# TASK INSTRUCTIONS:
Give the records again exactly, but drop the pictures.

Image-text web data
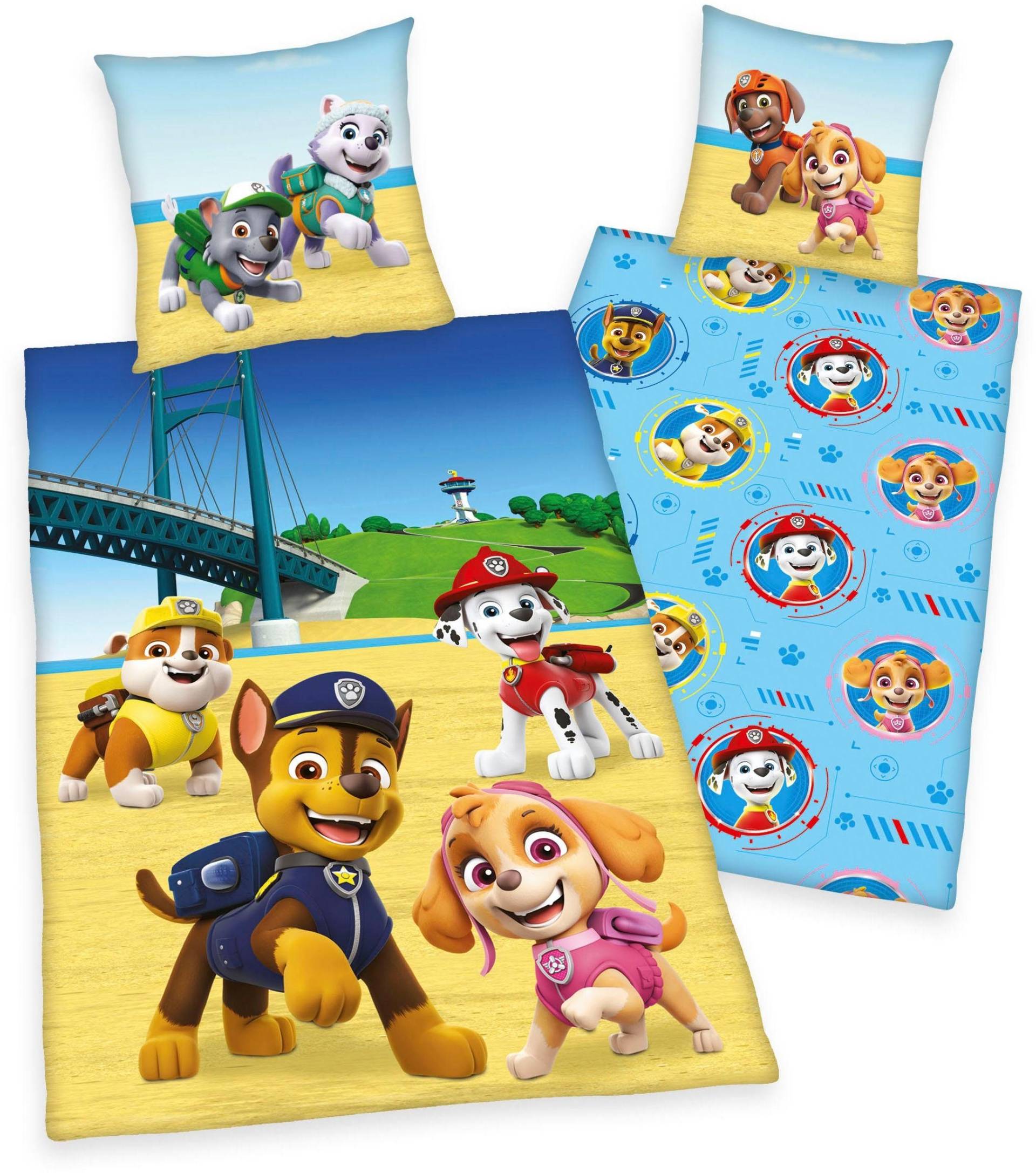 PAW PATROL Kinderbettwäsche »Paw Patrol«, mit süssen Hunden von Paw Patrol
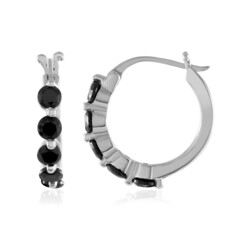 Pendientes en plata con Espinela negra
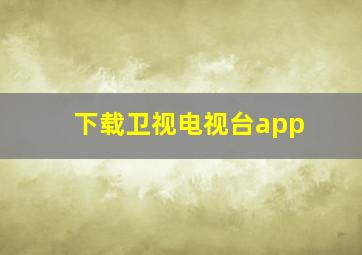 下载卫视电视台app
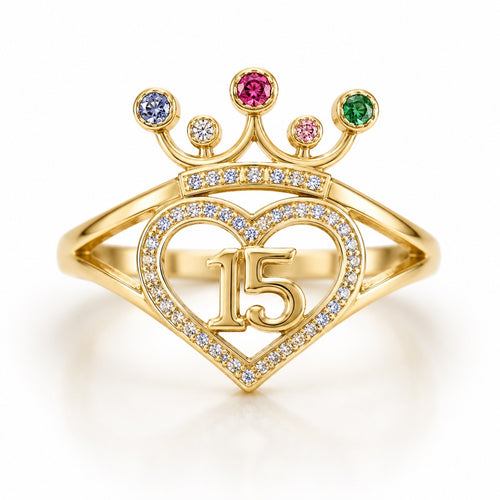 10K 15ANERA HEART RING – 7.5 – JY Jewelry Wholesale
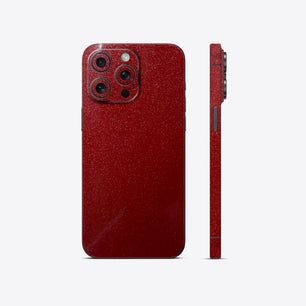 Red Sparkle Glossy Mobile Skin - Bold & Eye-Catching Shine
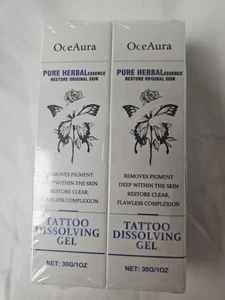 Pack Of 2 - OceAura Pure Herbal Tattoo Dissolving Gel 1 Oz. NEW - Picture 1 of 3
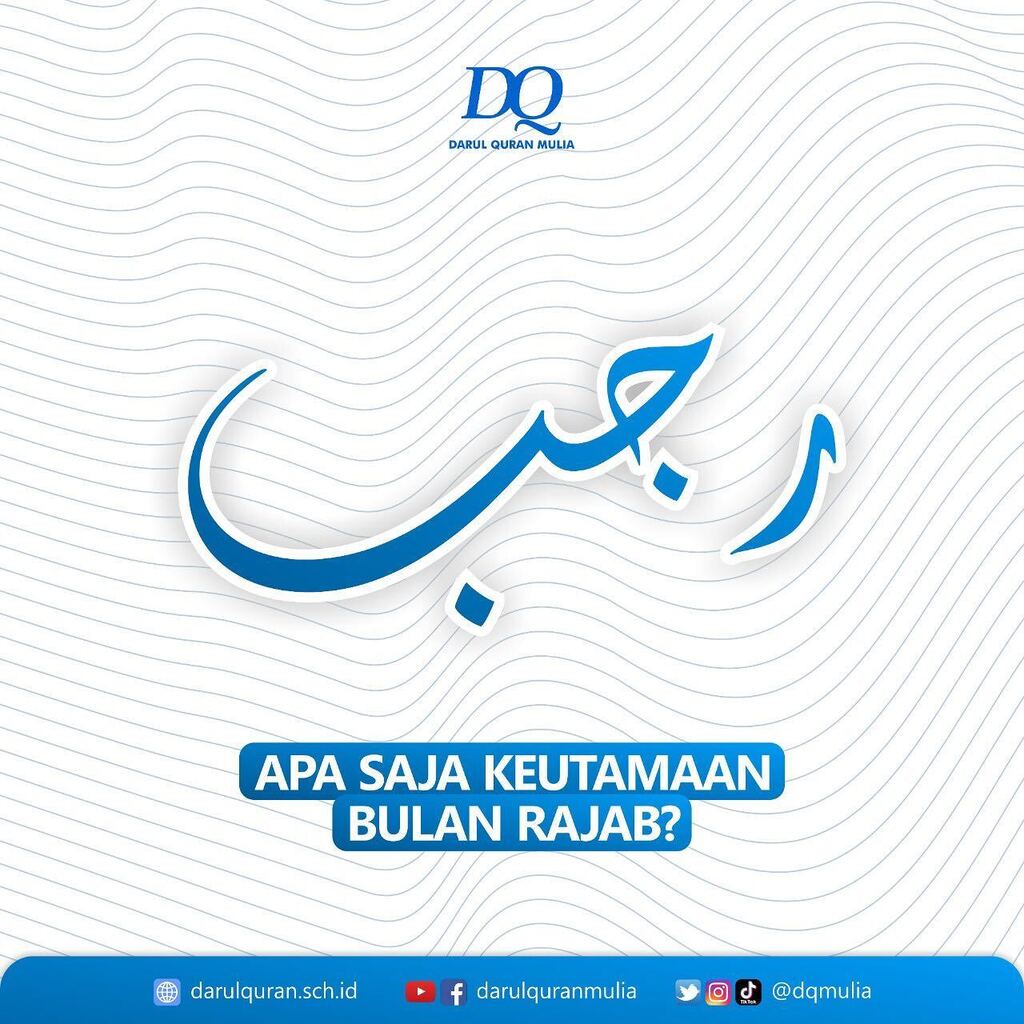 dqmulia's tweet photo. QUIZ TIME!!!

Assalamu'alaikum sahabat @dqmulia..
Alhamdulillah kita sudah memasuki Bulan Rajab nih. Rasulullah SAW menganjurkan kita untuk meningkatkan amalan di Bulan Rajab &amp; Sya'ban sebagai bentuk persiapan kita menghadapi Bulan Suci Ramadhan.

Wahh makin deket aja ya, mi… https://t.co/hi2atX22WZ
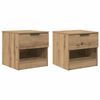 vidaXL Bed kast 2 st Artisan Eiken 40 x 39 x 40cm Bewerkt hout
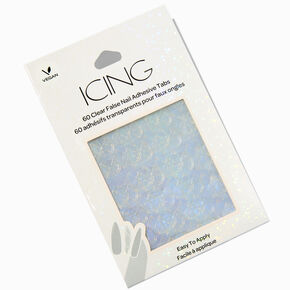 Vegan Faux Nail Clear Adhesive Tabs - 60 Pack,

# ANSWER AREA:
 PAW PATROL Kinderbettwäsche »Paw Patrol«, mit süssen Hunden von Paw Patrol
 Pendientes en plata con Espinela negra
 下载卫视电视台app
 10K 15ANERA HEART RING – 7.5 – JY Jewelry Wholesale
 Red Sparkle Glossy Mobile Skin - Bold & Eye-Catching Shine
 Pack Of 2 - OceAura Pure Herbal Tattoo Dissolving Gel 1 Oz. NEW - Picture 1 of 3
 dqmulia's tweet photo. QUIZ TIME!!!

Assalamu'alaikum sahabat @dqmulia..
Alhamdulillah kita sudah memasuki Bulan Rajab nih. Rasulullah SAW menganjurkan kita untuk meningkatkan amalan di Bulan Rajab &amp; Sya'ban sebagai bentuk persiapan kita menghadapi Bulan Suci Ramadhan.

Wahh makin deket aja ya, mi… https://t.co/hi2atX22WZ
 vidaXL Bed kast 2 st Artisan Eiken 40 x 39 x 40cm Bewerkt hout
 Vegan Faux Nail Clear Adhesive Tabs - 60 Pack,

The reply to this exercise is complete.